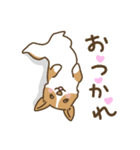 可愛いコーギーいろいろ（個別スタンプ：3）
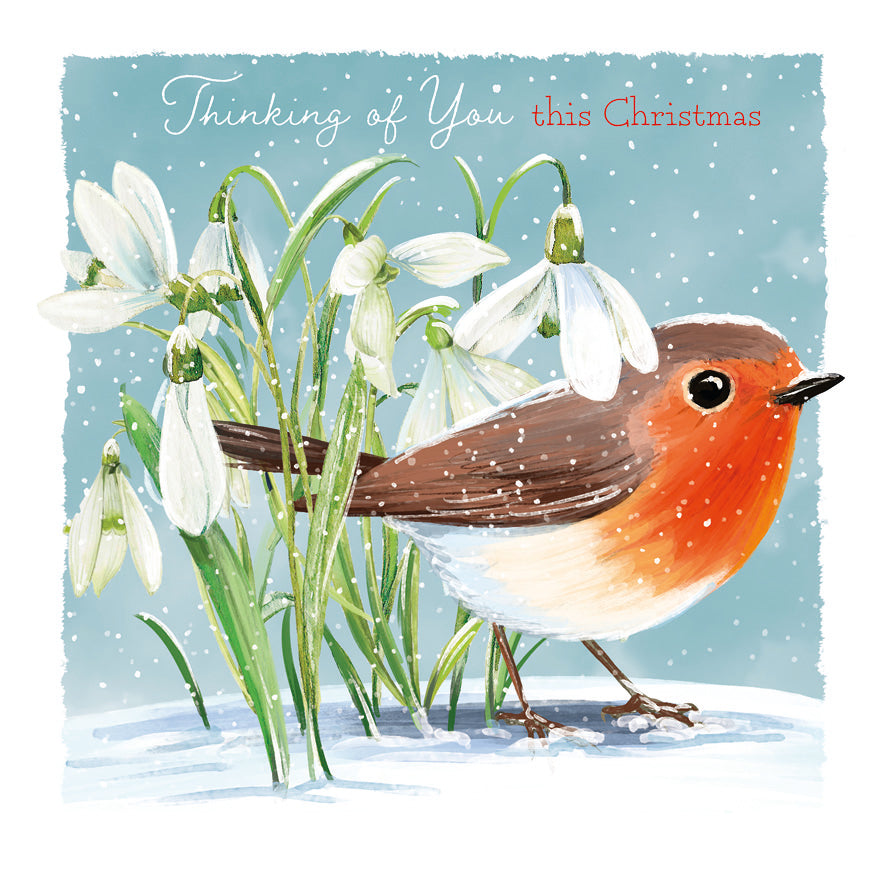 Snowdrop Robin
---
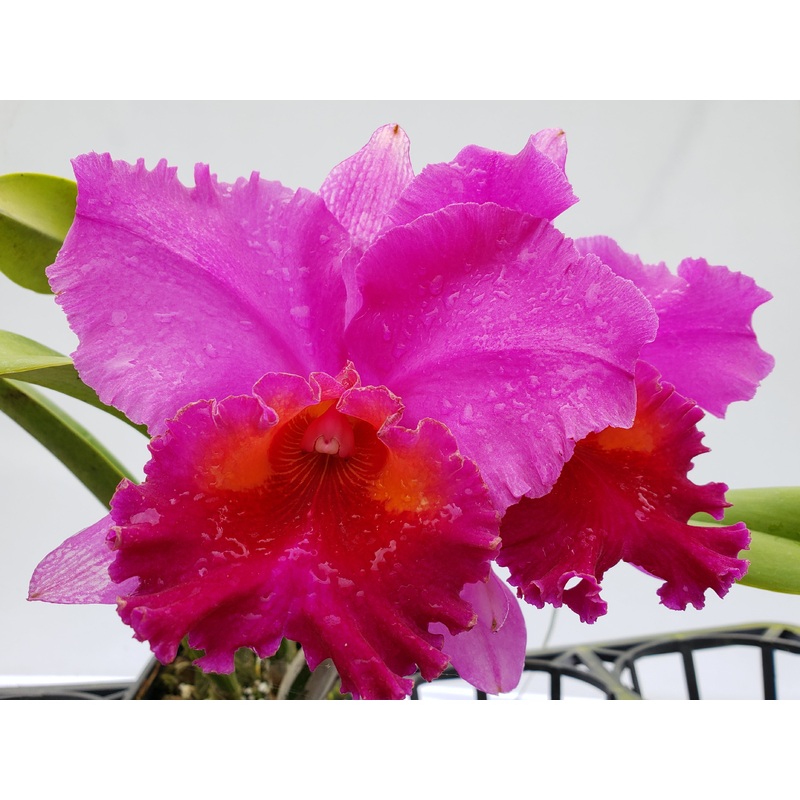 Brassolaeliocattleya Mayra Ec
--
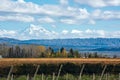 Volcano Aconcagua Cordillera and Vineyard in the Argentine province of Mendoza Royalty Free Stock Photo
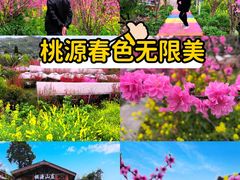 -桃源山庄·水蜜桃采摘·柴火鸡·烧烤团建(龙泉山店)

§ What is needed:
In the data above, start at the line holding "Volcano Aconcagua Cordillera" and stop after the line holding "-桃源山庄·水蜜桃采摘·柴火鸡·烧烤团建(龙泉山店)"; write out those lines exactly, without pictures.

§ Solution to this task:
 Volcano Aconcagua Cordillera and Vineyard in the Argentine province of Mendoza Royalty Free Stock Photo
 -桃源山庄·水蜜桃采摘·柴火鸡·烧烤团建(龙泉山店)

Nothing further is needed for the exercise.